The aftermath of the Virginia Tech shooting prompted Congress and President George W. Bush to sign the first major change to U.S. gun laws in more than 10 years -- it expanded the federal background check database -- and overhauled how many campuses handle crime and security alerts.
Before these rampages, there were multiple other fatal school shootings. The death toll wasn't as high, but the violence was just as great.
This year, on Feb. 27, T.J. Lane, 18, allegedly entered Chardon High School in Ohio with a .22 caliber handgun and a knife. He shot four students in the cafeteria and one in the hallway before walking out, leaving three dead. Police detained him within a mile of the school. He remains in custody and is expected to stand trial for the shootings in January.
On Oct. 2, 2006, a gunman took about a dozen girls hostage, killing at least three of them, at a one-room Amish schoolhouse in Pennsylvania's Lancaster County, police said.
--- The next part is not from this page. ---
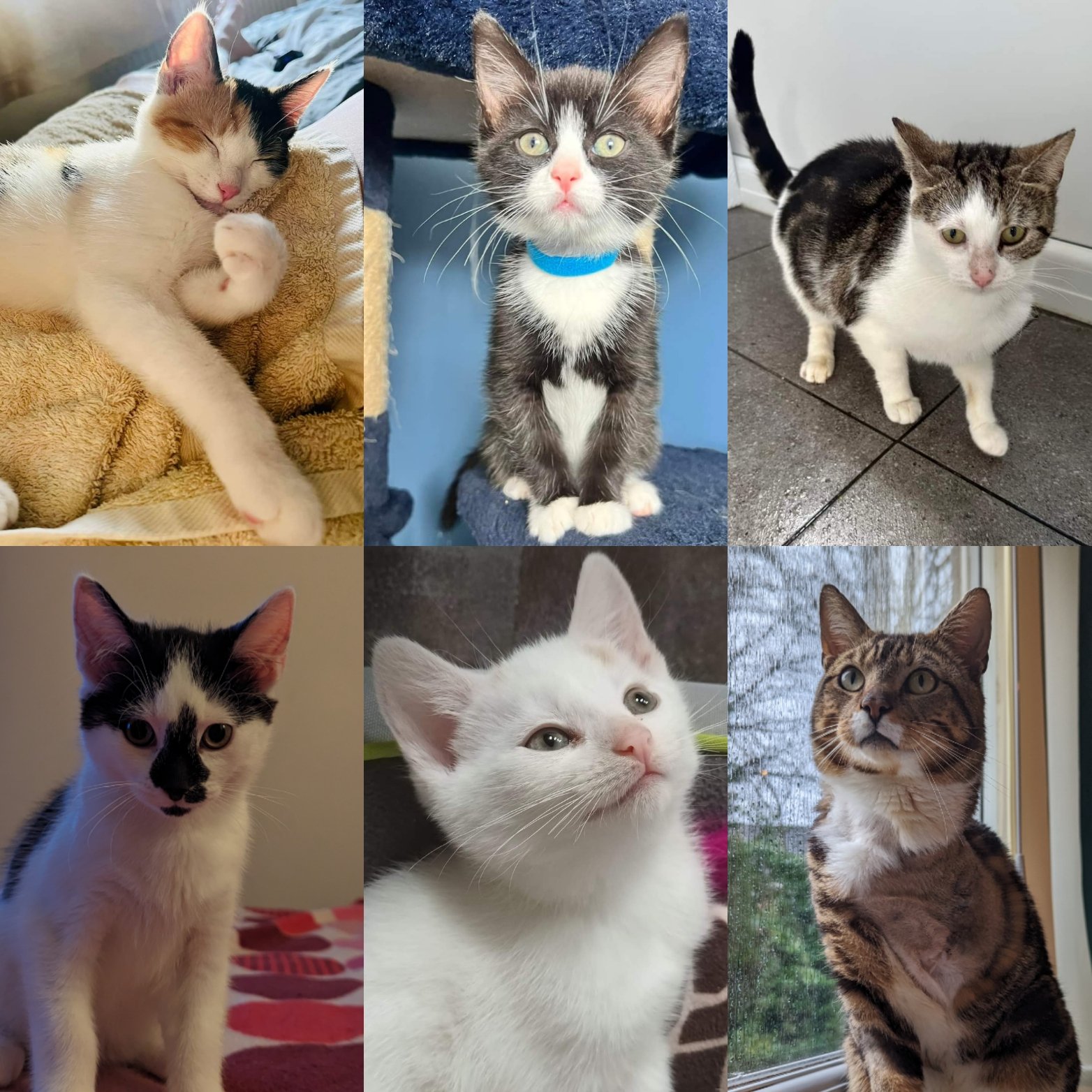 Rescue kitties hotsell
The shooter was among the dead when police arrived.
On March 21, 2005, 16-year-old Jeff Weise shot and killed five classmates, a teacher and an unarmed guard at a high school on the Red Lake Indian Reservation in Minnesota, where about 5,000 Native Americans live, before taking his own life. Weise had killed his grandfather and his grandfather's companion before heading to school that day.
Between late 1997 and early 1998, there were three school shootings within months of one another.
On May 21, 1998, two teenagers were killed and more than 20 people were hurt when 15-year-old Kip Kinkel opened fire at a Thurtson High School in Springfield, Ore., after killing his parents. Kinkel was sentenced to nearly 112 years in prison.
On March 24, 1998, two boys, ages 11 and 13, fired on their Jonesboro, Ark., middle school from nearby woods after pulling the fire alarm, killing four girls and a teacher, and wounding 10 others. Both boys were later convicted of murder and were incarcerated until they turned 21.
On Dec. 1, 1997, three students were killed and five wounded at Heath High School in West Paducah, Ky. Michael Carneal, 14, and a freshman, later pleaded guilty but mentally ill to murder charges and is serving life in prison. He is eligible for parole in 2023.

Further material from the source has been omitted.